Why it's vulnerable:
Floating-point arithmetic produces $balance as something slightly less than 100.0 due to rounding, so the equality check fails even though the values are intended to be equal.

Fixed pattern
function validate_balance($account_balance, $required_amount) {
    $tolerance = 1e-9;
    if (abs($account_balance - $required_amount) < $tolerance) {
        return true;
    }
    return false;
}

$balance = 100.1 - 0.1;
$required = 100.0;
validate_balance($balance, $required);

05Prevention Checklist

Use epsilon-based comparison:
Always compare floats by checking if the absolute difference is smaller than a small tolerance value (epsilon), not by testing equality.
Avoid floats for currency and exact values:
Use integer arithmetic (e.g., store prices in cents) or a decimal library designed for exact arithmetic instead of binary floating-point.
Document precision requirements:
Clearly specify the acceptable tolerance for any floating-point comparison in security-sensitive code.
Test edge cases:
Include test cases that verify comparisons work correctly with values produced by arithmetic operations, not just hardcoded literals.
Use appropriate data types:
For financial or cryptographic calculations, prefer Decimal (Python) or bcmath/GMP (PHP) over native floats.
Review all security-relevant comparisons:
Audit code that makes access-control, validation, or authentication decisions based on numeric comparisons.

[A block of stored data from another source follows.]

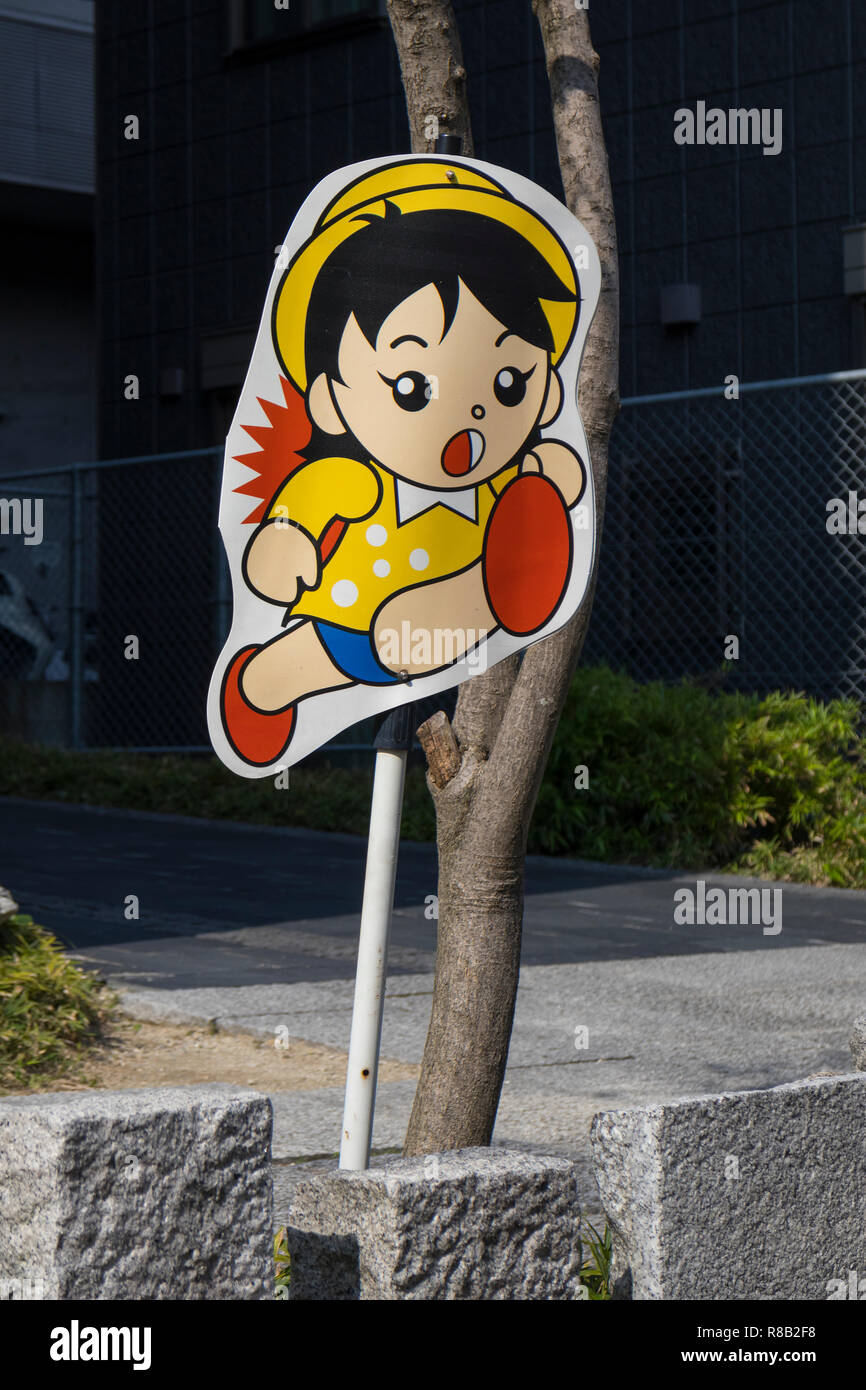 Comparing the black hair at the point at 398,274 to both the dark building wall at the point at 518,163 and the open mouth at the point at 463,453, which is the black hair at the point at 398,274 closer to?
the open mouth at the point at 463,453

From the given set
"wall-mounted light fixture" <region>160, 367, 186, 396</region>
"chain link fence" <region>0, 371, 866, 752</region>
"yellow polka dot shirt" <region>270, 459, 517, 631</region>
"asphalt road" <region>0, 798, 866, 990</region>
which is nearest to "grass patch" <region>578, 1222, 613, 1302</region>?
"yellow polka dot shirt" <region>270, 459, 517, 631</region>

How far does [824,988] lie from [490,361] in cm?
415

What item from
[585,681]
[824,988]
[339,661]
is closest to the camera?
[339,661]

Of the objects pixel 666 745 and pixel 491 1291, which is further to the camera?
pixel 666 745

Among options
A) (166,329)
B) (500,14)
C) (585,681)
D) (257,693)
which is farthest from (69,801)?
(257,693)

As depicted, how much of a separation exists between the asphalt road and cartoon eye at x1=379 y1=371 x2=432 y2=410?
3794 mm

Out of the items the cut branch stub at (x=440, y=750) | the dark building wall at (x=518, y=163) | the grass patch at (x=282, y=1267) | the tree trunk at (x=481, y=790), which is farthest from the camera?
the dark building wall at (x=518, y=163)

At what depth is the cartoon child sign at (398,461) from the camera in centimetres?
299

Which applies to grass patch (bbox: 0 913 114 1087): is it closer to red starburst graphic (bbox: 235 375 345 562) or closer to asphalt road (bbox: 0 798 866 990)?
asphalt road (bbox: 0 798 866 990)

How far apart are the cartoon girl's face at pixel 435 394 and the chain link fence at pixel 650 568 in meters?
7.61

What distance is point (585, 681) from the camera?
414 inches

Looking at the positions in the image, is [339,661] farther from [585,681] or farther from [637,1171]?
[585,681]

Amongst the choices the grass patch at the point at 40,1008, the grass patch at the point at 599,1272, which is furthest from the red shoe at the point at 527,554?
the grass patch at the point at 40,1008

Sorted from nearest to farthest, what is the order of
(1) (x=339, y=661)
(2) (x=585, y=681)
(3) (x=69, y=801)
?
(1) (x=339, y=661) → (2) (x=585, y=681) → (3) (x=69, y=801) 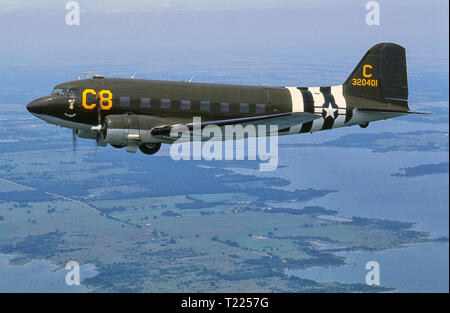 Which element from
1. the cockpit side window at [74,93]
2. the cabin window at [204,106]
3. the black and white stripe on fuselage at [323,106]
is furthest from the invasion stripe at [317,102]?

06Signs You May Already Be Affected

Look for unexpected validation failures or bypasses in code that checks numeric thresholds, prices, or balances. If users report that transactions fail to process despite correct amounts, or if security checks seem to trigger inconsistently, floating-point comparison issues may be involved. Review logs for patterns where similar operations succeed or fail unpredictably.